Thanks for the thoughts Geoff — don’t you think however that the majority of the problems experienced as part of the fault were due to perception and expectation management on the part of AWS ? I get what you are saying about multi-region — that IMO should be a given even for smaller organisations as the cost barrier these days isn’t actually THAT significant — the technology one is often he show stopper in many cases.
I guess the point i take issue with, is that the impact of this issue .. the one that users world-wide felt was due to a lack of ‘shared’ responsibility from a HA/Availability perspective. I obviously disagree.
Just look at the blast radius of the problem — I saw reports of Lambda, EC2, EBS, API Gateway and pretty much every other AWS service showing issues. It’s clear to me why — because they all have a dependency on S3 — and because i’m a little OCD and obsess over such things, i know that.
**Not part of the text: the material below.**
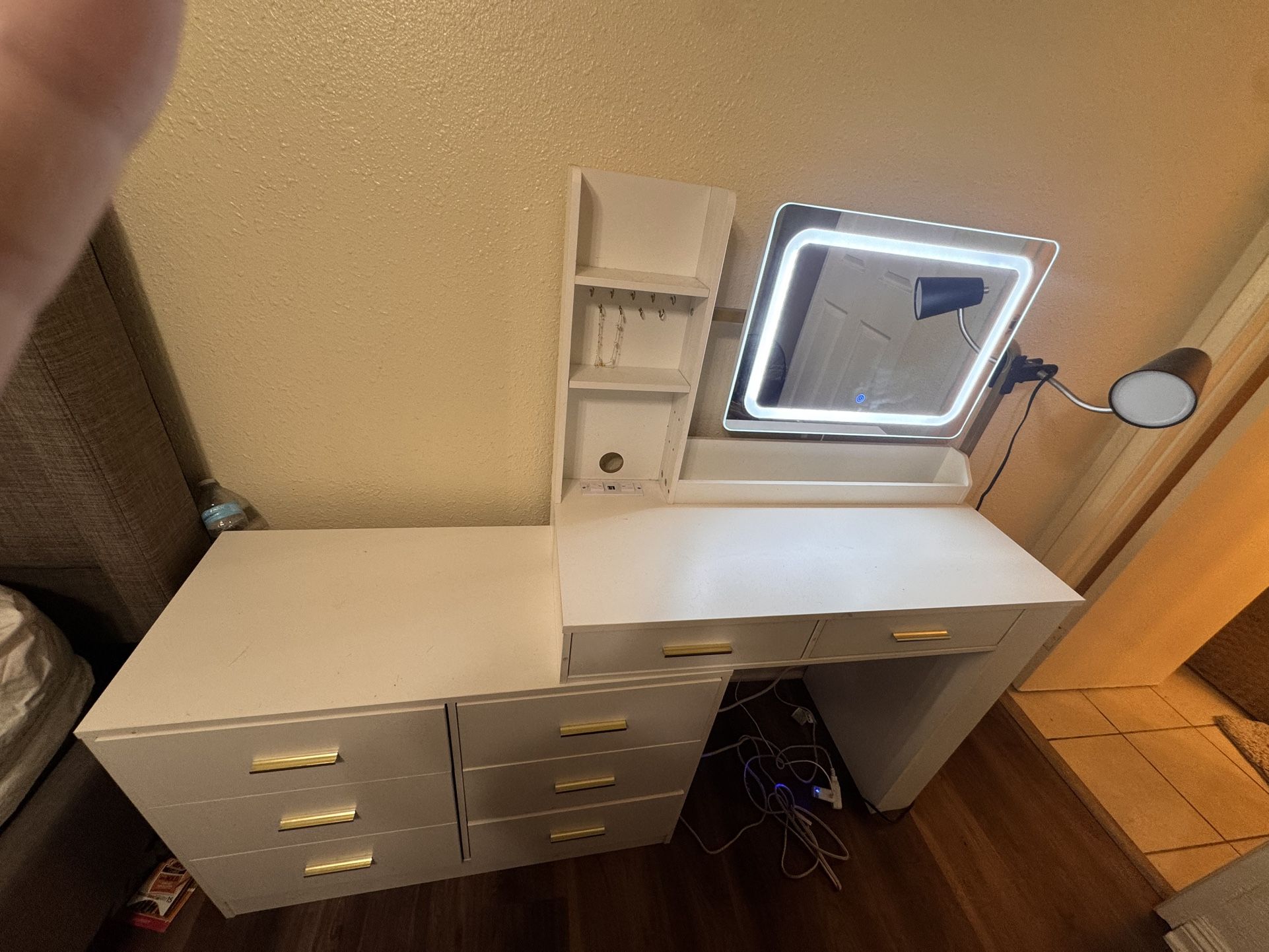 ✨ Modern White Vanity / Dresser with LED Mirror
But lets say i wasn't OCD … maybe i wanted to go to the AWS status page — which also had a S3 dependancy directly and indirectly….or not ?
Also — given that AWS have a selling point that they manage the undifferentiated heavy lifting — i question the wisdom of not making it VERY CLEAR that services such as Lambda have an S3 dependancy — this being the biggest example of this point IMO.
When considering site availability there is a cross-region element, but we also have a service isolation element and I think that most of the blame — technical and communication wise needs to be levelled at AWS in this case.
What do you think ?